On the application level, you’d normally want to abstract the interactions with the cache. You’d end up with something like a generic “get” method that checks the cache and only then goes to the database. This is true for get-by-id queries, but caches can also be applied for other SELECT queries – you just use the query as a key, and the query result as value. For updates it would similarly update the database and the cache.
Some frameworks offer these abstractions out of the box – ORMs like Hibernate have the so-called cache providers, so you just add a configuration option saying “I want to use (2nd level) cache” and your ORM operations automatically consult the configured cache provider before hitting the database. Spring has the
@Cacheable annotation which can cache method invocations, using their parameters as keys. Other frameworks and languages usually have something like that as well.
An important side-note – you may need to pre-load the cache. On a fresh startup of a cluster (e.g. after a new deployment in a blue-green deployment scheme/crash/network failure/etc.) the system may be slow to fill the cache. So you may have a batch job run on startup to fetch some pieces of data from the database and put them in the cache.
It all sounds easy and that’s good – the basic setup covers most of the cases. In reality it’s a bit more complicated to tweak the cache configurations. Even when you manage to setup a cluster (which can be challenging in, say, AWS), your cache strategies may not be straightforward. You have to answer a couple of questions that may be important – how much do you want your cache entries to live? How big do you need your cache to be? How should elements expire (cache eviction strategy) – least recently used, least frequently used, first-in-first-out?
These options often sound arbitrary. You normally go with the defaults and don’t bother. But you have to constantly keep on eye on the cache statistics, do performances tests, measure and tweak. Sometimes a single configuration option can have a big impact.

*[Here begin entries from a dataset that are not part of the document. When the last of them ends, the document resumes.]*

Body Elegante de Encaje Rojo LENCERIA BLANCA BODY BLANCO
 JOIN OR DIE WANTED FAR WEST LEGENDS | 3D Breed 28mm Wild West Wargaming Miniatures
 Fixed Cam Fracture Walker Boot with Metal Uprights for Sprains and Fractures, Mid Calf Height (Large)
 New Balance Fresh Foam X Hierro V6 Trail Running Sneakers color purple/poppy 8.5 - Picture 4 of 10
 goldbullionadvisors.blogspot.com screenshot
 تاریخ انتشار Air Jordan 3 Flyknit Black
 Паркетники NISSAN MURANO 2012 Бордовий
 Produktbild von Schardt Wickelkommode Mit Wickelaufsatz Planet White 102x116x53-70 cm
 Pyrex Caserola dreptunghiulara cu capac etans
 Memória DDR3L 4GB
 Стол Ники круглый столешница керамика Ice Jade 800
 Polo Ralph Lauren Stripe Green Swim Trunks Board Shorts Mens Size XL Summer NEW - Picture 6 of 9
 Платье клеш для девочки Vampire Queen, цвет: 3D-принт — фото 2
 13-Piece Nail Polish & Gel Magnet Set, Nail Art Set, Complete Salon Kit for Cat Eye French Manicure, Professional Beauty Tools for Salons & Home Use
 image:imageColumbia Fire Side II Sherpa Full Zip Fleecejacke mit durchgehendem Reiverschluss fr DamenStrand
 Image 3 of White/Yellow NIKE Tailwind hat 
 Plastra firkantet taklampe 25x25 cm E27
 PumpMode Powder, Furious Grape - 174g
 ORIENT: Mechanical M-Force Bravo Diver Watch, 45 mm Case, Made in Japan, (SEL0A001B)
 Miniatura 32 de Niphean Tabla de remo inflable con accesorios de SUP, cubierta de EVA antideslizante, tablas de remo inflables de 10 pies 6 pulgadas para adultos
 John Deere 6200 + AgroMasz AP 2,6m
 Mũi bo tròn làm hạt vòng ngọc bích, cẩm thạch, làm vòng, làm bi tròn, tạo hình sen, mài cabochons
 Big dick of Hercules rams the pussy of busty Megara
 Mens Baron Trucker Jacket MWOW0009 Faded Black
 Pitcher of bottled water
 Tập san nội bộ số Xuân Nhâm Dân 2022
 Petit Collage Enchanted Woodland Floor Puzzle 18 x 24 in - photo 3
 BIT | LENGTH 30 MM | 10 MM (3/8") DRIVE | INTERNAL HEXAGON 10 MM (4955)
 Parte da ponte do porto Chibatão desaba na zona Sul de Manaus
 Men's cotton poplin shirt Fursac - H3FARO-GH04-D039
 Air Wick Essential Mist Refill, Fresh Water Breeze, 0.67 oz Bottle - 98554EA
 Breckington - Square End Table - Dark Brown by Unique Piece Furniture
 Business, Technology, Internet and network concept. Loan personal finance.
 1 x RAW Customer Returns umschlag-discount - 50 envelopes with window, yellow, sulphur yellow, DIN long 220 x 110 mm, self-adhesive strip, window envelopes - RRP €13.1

One important note here on the measuring side – you don’t necessarily want to cache everything. You can start that way, but it may turn out that for some types of entries you are actually better off without a cache. Normally these are the ones that are updated too often and read not that often, so constantly updating the cache with them is an overhead that doesn’t pay off. So – measure, tweak, repeat.
Distributed caches are an almost mandatory component of web applications. Yet, I’ve had numerous discussions about how a given system is very big and needs a lot of hardware, where all the data would fit in my laptop’s memory. So, much to my surprise, it turns out it’s not yet a universally known concept. I hope I’ve given a short, but sufficient overview of the concept and the various options.